Circolare n. 5-26
CCNL Metalmeccanica industria ipotesi di accordo del 22 novembre 2025
5 febbraio 2026
Desideriamo informarvi che in data 22 novembre 2025 è stata sottoscritta l’ipotesi di accordo per il rinnovo del Contratto Nazionale per l’industria metalmeccanica sottoscritto da Federmeccanica, Assistal, Fim Cisl, Fiom Cgil e Uilm Uil.
Di seguito forniamo una scheda sintetica delle principali novità oggetto del rinnovo, seguita da un’analisi dei singoli istituti interessati.
Scheda sintetica rinnovo CCNL Metalmeccanica industria
Introduzione causali contratti a tempo determinato Dal 22 novembre 2025 non sarà più possibile apporre le causali individuate dalle parti, per esigenze di natura tecnica, produttiva e organizzativa sostituite da quelle introdotte nel CCNL (vedi infra). Per i contratti precedentemente instaurati e ancora vigenti, le clausole apposte tra le parti continueranno a produrre i loro effetti, fino a scadenza naturale degli stessi.
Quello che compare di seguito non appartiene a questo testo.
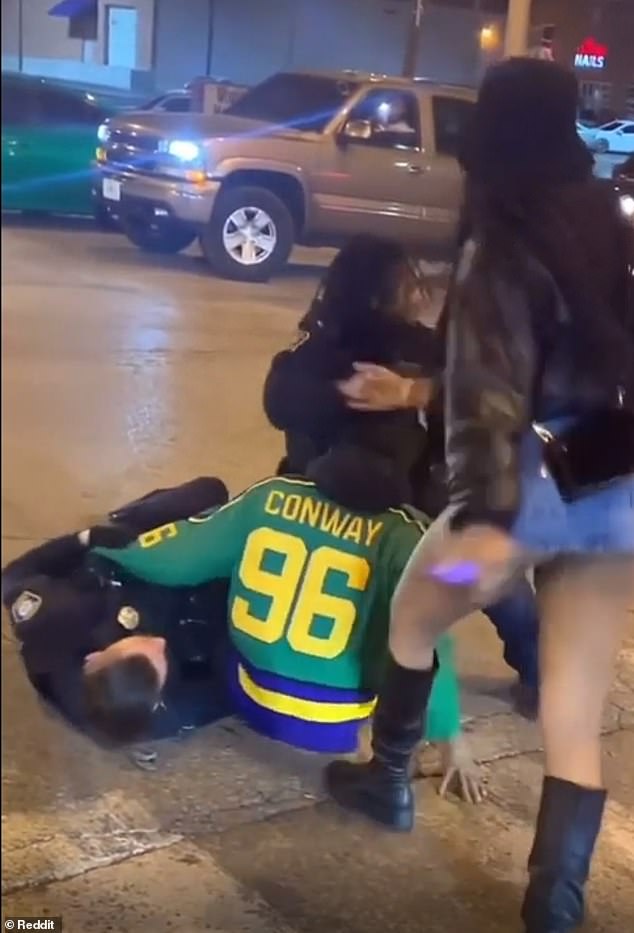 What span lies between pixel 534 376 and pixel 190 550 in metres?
0.47

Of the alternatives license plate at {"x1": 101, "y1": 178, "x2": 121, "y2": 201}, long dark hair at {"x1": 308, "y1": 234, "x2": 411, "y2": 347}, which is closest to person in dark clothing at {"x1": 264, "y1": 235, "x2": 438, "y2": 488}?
long dark hair at {"x1": 308, "y1": 234, "x2": 411, "y2": 347}

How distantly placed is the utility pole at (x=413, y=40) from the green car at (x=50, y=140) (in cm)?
26

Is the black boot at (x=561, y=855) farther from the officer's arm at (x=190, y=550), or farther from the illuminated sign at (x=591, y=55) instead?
the illuminated sign at (x=591, y=55)

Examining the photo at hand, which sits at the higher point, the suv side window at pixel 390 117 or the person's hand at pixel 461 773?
the suv side window at pixel 390 117

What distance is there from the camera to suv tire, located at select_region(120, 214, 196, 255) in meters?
1.34

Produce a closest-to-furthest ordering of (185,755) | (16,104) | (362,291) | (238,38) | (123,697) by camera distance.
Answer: (16,104) < (238,38) < (362,291) < (123,697) < (185,755)

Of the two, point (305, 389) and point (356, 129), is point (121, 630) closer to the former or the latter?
point (305, 389)

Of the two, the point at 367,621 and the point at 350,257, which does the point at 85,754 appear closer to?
the point at 367,621

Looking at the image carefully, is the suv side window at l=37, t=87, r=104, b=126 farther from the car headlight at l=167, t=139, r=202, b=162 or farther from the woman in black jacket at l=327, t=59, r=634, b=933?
the woman in black jacket at l=327, t=59, r=634, b=933

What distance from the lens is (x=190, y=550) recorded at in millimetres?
1648

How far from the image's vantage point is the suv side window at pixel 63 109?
123 centimetres

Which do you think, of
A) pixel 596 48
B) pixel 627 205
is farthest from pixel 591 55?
pixel 627 205

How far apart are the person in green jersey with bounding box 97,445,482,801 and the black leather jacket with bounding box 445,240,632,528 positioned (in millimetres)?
121

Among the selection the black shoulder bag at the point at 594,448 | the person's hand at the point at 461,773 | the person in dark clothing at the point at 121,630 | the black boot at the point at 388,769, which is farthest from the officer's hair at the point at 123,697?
the black shoulder bag at the point at 594,448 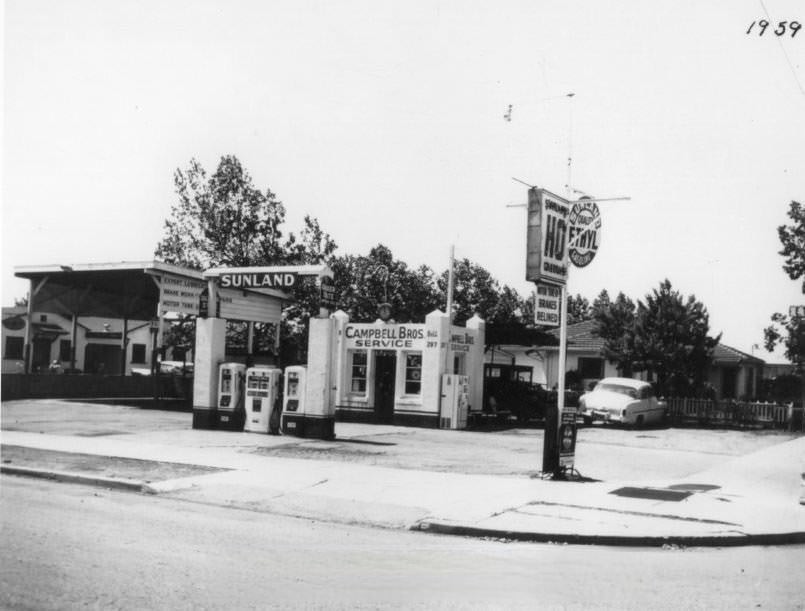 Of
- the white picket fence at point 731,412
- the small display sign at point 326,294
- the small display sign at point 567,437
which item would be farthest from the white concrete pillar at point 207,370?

Welfare contrattuale Dal 1° gennaio 2026, entro il 1° giugno di ogni anno (per il 2026 entro il mese di febbraio) dovranno predisporsi strumenti di welfare del valore di 250,00 euro.
Trattamento economico Vedi tabella infra
Quota contribuzione una Tantum Ai lavoratori non iscritti ai sindacati FIM-FIOM-UILM è richiesta una quota straordinaria di 30 euro per ciascuno degli anni 2026, 2027 e 2028, da trattenere nel mese di giugno;
Somministrazione di lavoro Dal 1° gennaio 2026, il lavoratore in somministrazione a tempo indeterminato che abbia prestato attività nella stessa azienda per oltre 48 mesi complessivi, anche non continuativi e con mansioni equivalenti, matura il diritto all’assunzione a tempo indeterminato da parte dell’impresa utilizzatrice.
Mansioni Il lavoratore ha diritto al passaggio al livello superiore se svolge mansioni superiori per 60 giorni continuativi o 120 non continuativi in un anno, oppure 6 mesi non continuativi in tre anni; per i livelli B1, B2, B3 e A1 il diritto matura dopo 4 mesi continuativi o 9 mesi non continuativi in tre anni.
Orario di lavoro Vedi infra
Aspettativa e permessi per malattia figlio Nelle aziende con più di 150 dipendenti, i lavoratori migranti con almeno 5 anni di anzianità possono ottenere, una volta ogni tre anni, un’aspettativa non frazionabile da 1 a 2 mesi per ricongiungimento familiare, nel limite dell’1% del personale contemporaneamente assente. Dal 1° gennaio 2026 sono previsti 3 giorni annui di permesso per malattia dei figli fino a 4 anni, con indennità a carico dell’azienda pari all’80% della retribuzione netta che il lavoratore avrebbe percepito lavorando.
Pari opportunità Le parti promuovono un modello organizzativo inclusivo; nelle aziende con almeno 50 dipendenti, su richiesta delle RSU, le direzioni devono fornire dati su occupazione, retribuzioni e saldo assunzioni/cessazioni, con evidenza del personale femminile, nell’anno precedente al rapporto di genere.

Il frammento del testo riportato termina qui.